- [What you will do] Excerpt from the entries below: please repeat exactly the lines from the one containing "Sexy Wholesale Lace" through the last one, both ends included, with no pictures.

Crawled caption data:
◆ ◆ ◆ ◆ ◆ ◆ ◆

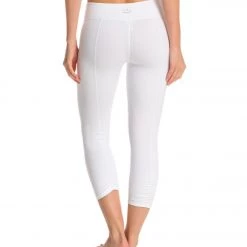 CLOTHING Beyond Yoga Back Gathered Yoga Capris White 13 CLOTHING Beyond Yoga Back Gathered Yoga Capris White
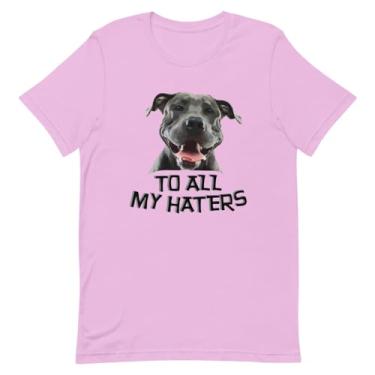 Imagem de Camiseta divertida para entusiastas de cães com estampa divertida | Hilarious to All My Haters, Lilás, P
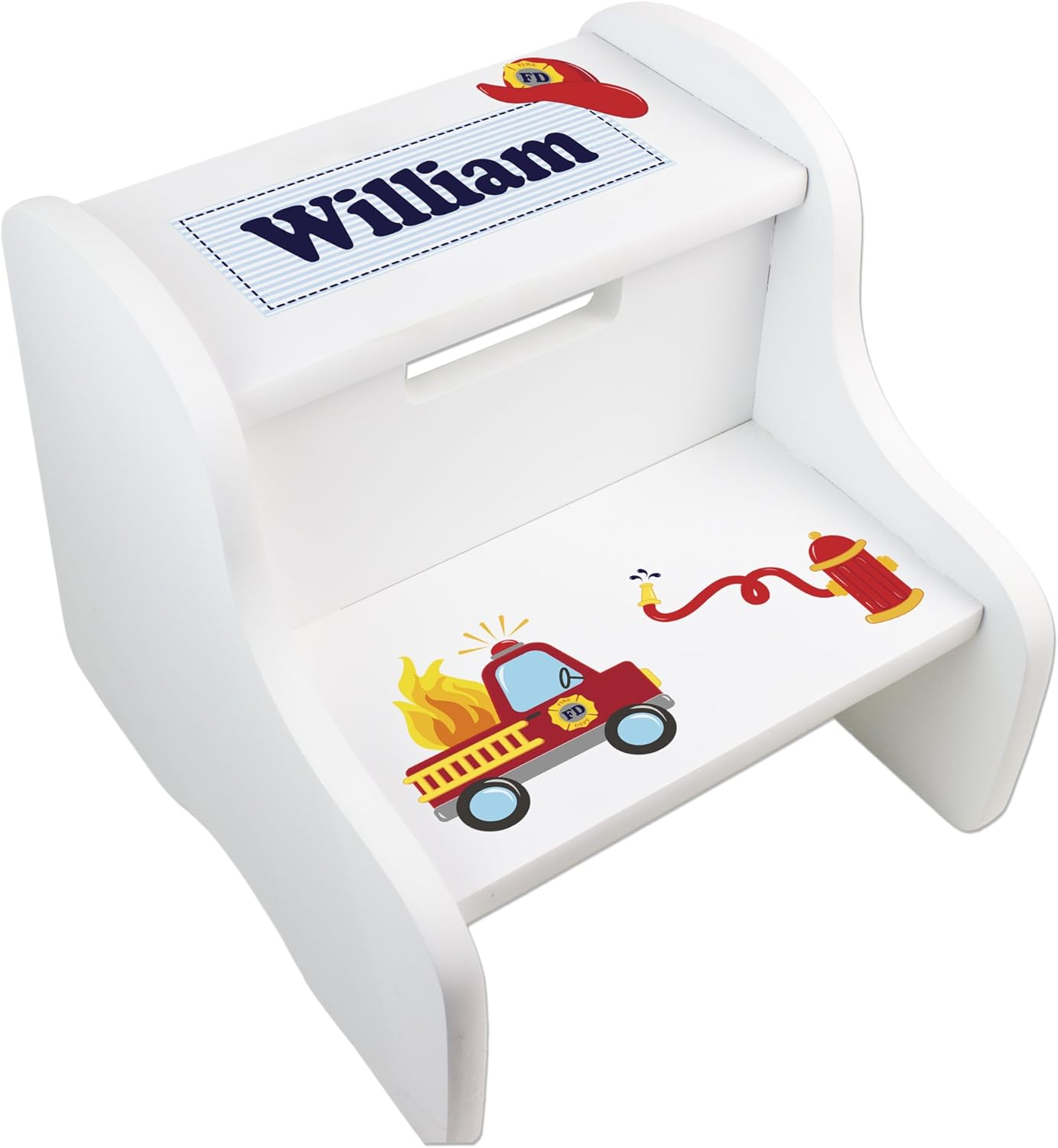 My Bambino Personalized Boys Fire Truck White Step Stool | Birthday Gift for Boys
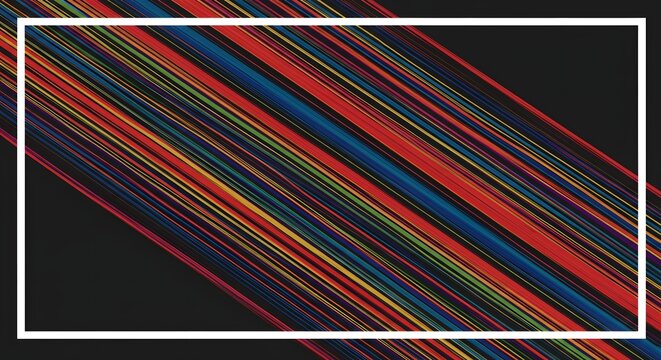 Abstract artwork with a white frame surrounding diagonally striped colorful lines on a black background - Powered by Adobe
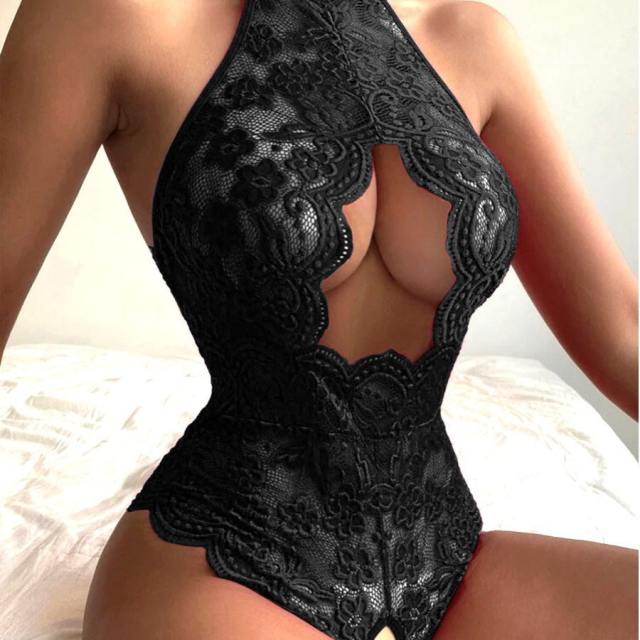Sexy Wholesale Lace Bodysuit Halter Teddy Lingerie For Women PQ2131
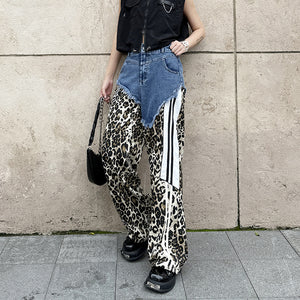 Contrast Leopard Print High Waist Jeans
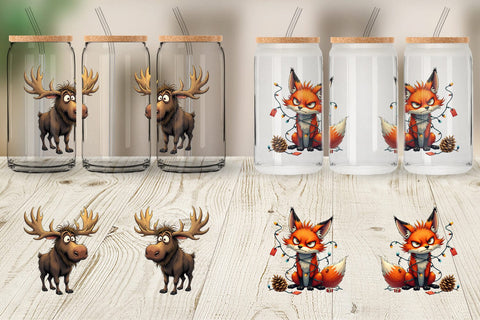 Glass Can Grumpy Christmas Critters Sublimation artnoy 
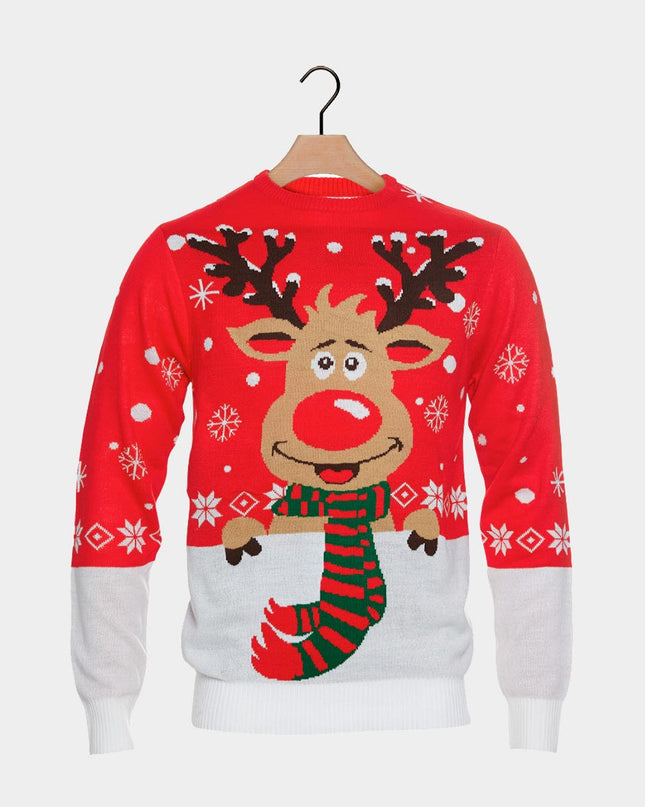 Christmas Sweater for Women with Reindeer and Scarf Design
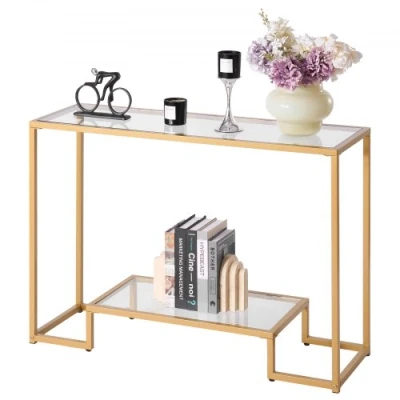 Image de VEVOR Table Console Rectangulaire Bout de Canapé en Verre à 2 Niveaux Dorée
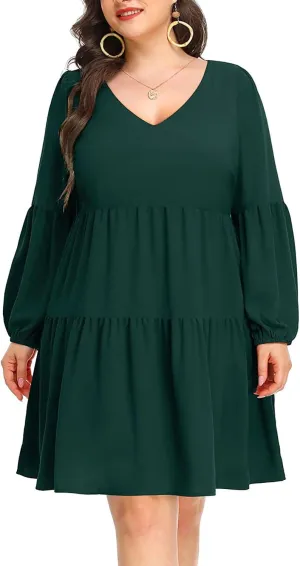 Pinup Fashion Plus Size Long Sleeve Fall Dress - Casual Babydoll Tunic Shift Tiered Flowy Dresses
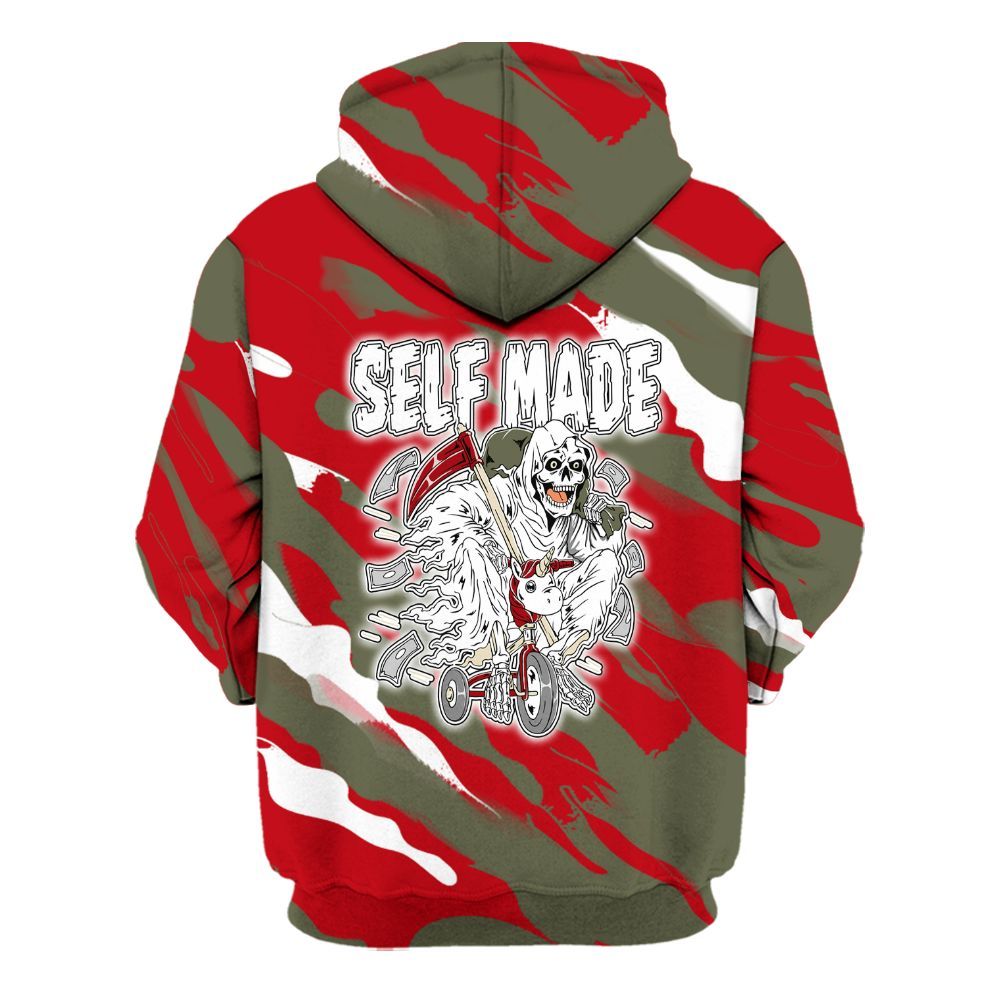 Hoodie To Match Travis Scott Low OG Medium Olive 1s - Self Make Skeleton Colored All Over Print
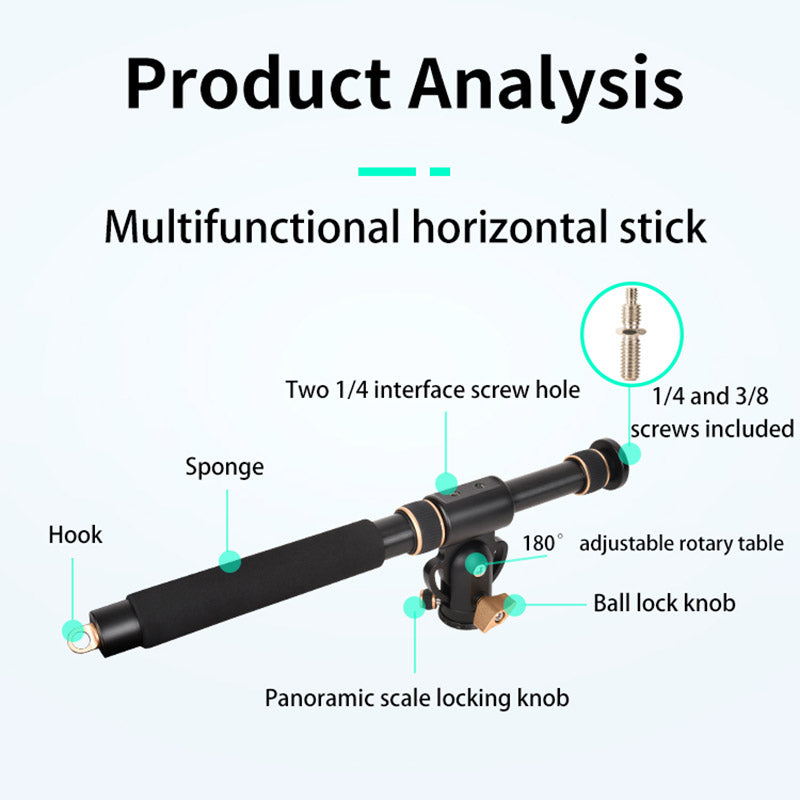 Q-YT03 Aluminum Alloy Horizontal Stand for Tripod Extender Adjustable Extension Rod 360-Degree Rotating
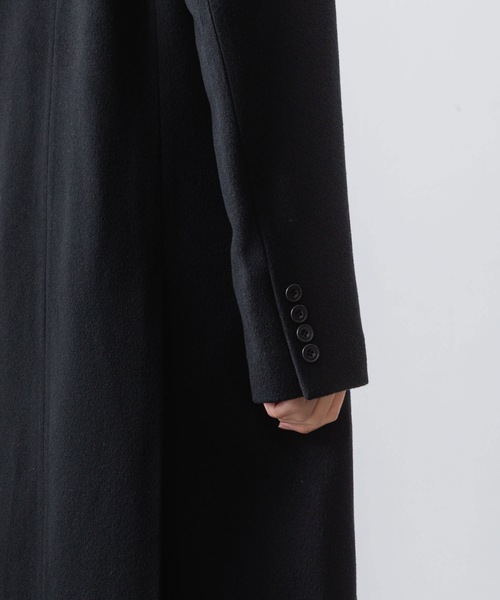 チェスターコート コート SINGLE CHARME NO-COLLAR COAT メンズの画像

◆ ◆ ◆ ◆ ◆ ◆ ◆

- [The completed task]
Sexy Wholesale Lace Bodysuit Halter Teddy Lingerie For Women PQ2131
 Contrast Leopard Print High Waist Jeans
 Glass Can Grumpy Christmas Critters Sublimation artnoy 
 Christmas Sweater for Women with Reindeer and Scarf Design
 Image de VEVOR Table Console Rectangulaire Bout de Canapé en Verre à 2 Niveaux Dorée
 Pinup Fashion Plus Size Long Sleeve Fall Dress - Casual Babydoll Tunic Shift Tiered Flowy Dresses
 Hoodie To Match Travis Scott Low OG Medium Olive 1s - Self Make Skeleton Colored All Over Print
 Q-YT03 Aluminum Alloy Horizontal Stand for Tripod Extender Adjustable Extension Rod 360-Degree Rotating
 チェスターコート コート SINGLE CHARME NO-COLLAR COAT メンズの画像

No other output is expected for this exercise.